Робин пошарил в сумке Гриффина, пока не нащупал обжигающе холодную серебряную пластину.
– Усин, – прошептал он. – Невидимый.
Робин и Виктуар исчезли в тот самый миг, когда на площади показались бегущие констебли.
– Господи, – сказал один из них. – Это же Стерлинг Джонс.
– Он мертв?
– Он не шевелится.
– А этот еще жив. – Кто-то склонился над телом Гриффина. Послышался шорох ткани – это вытаскивали оружие, а потом резкий, удивленный смешок.

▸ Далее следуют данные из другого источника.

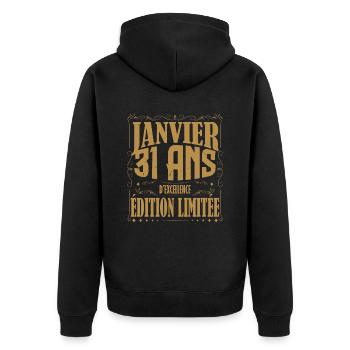 Janvier 31 ans. Cadeau 31 ans janvier anniversaire - Veste à capuche bio Premium Unisexe - noir - Dos - Nico (187cm)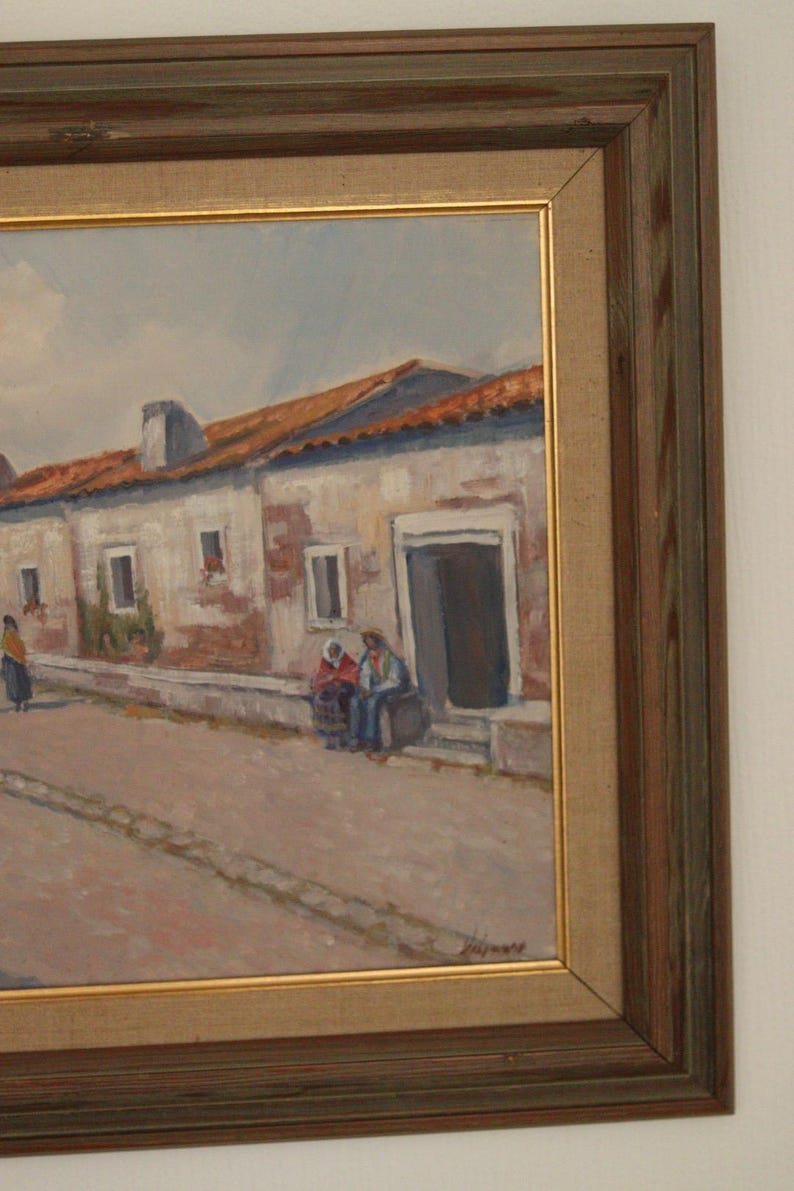 Original Vintage Canvas Oil Painting Southern Street 63x55 cm (approx ≈ 24.8 × 21.7 in)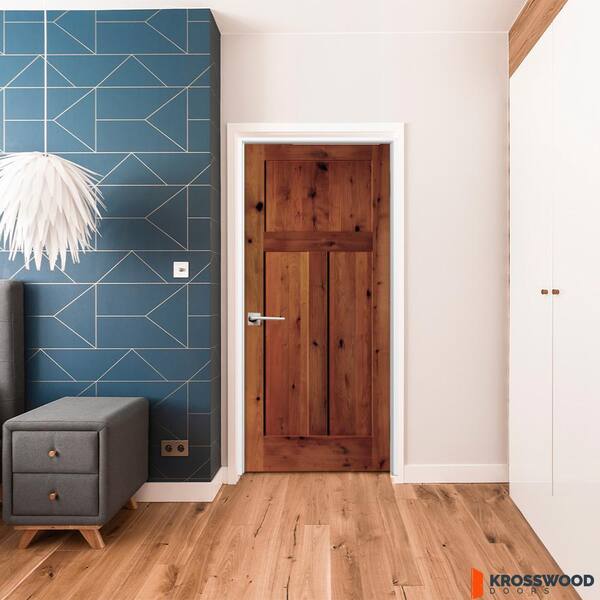 DIY 24 in. x 80 in. Right-Hand Knotty Alder Red Chestnut Stain Wood Single Interior Door Kit w/ Quick Assemble Jamb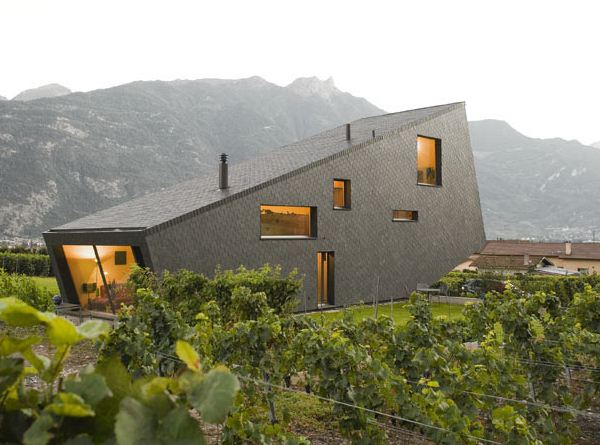 Mountain Home Design in Switzerland mimics the mountains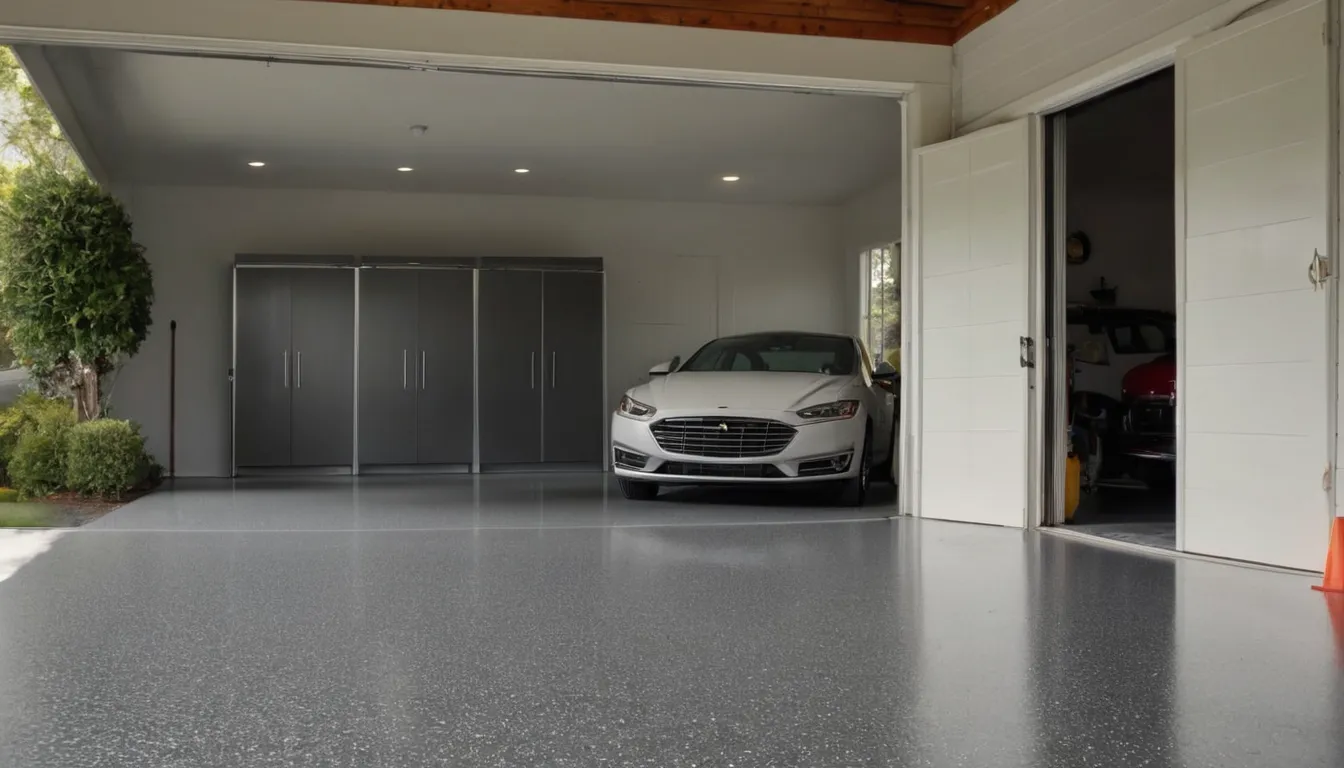 Clean epoxy-coated garage floor with flake finish in a home in Hamel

– Нет, он же… – пробормотал кто-то без особого убеждения.
Щелкнул курок.
«Нет!», – чуть
Грохнул выстрел, как будто выпалили из пушки. Гриффин дернулся и застыл. Робин согнулся пополам и закричал, но беззвучно, его боль была бесформенной, а он сам бесплотен, безголос, и хотя от сокрушительного горя хотелось кричать, разорвать весь мир на клочки, а если не мир, то себя самого, он не мог пошевелиться; пока площадь не опустела, он был в состоянии лишь ждать и смотреть.
Когда наконец последние констебли ушли, тело Гриффина уже стало призрачно-белым. Его остекленевшие глаза были открыты. Робин прижал пальцы к его шее, пытаясь нащупать пульс, хотя и знал, что пульса нет. Как может быть иначе после выстрела в упор?
Виктуар наклонилась над ним.
– Он…
– Да.
– Тогда нам нужно идти, – сказала она, сомкнув пальцы на запястье Робина. – Мне не знаем, когда они вернутся, Робин.
Он встал. Какая ужасная сцена, подумал он. Гриффин и Стерлинг лежали рядом на земле в луже крови, размытой дождем. На этой площади завершилась своего рода история любви – жестокий треугольник желаний, обид, ревности и ненависти, возникший со смертью Эви и прекративший существование со смертью Гриффина. Подробности оставались туманными, Робин так и не выяснит все до конца [103] , но точно он понял лишь одно: Гриффин и Стерлинг уже не в первый раз пытались убить друг друга, но впервые у них получилось. А теперь главные герои этой истории были мертвы, круг замкнулся.
103
Например, он не узнает, что когда-то Гриффин, Стерлинг, Энтони и Эви считали себя такими же навечно связанными друг с другом однокурсниками, как Робин и его друзья; или что Гриффин и Стерлинг однажды поссорились из-за Эви, яркой, полной энергии, талантливой и прекрасной Эви, или что Гриффин и впрямь не хотел ее убивать. В своих рассказах о той ночи Гриффин выставлял себя хладнокровным и решительным убийцей. Но правда заключалась в том, что, как и Робин, он действовал сгоряча, из-за страха, но не по злому умыслу; он даже не особенно верил, что у него получится, потому что серебро не всегда откликалось на его команды, и он не понял, что произошло, пока Эви не истекла кровью на полу. Робин также никогда не узнает, что Гриффину, в отличие от него, не на кого было опереться после этого поступка, никто не помог ему опомниться от потрясения. И тогда Гриффин уцепился за это убийство, сделал его своей частью, и если для других это стало бы первым шагом на пути к безумию, то Гриффин Ловелл превратил способность убивать в остро заточенное оружие.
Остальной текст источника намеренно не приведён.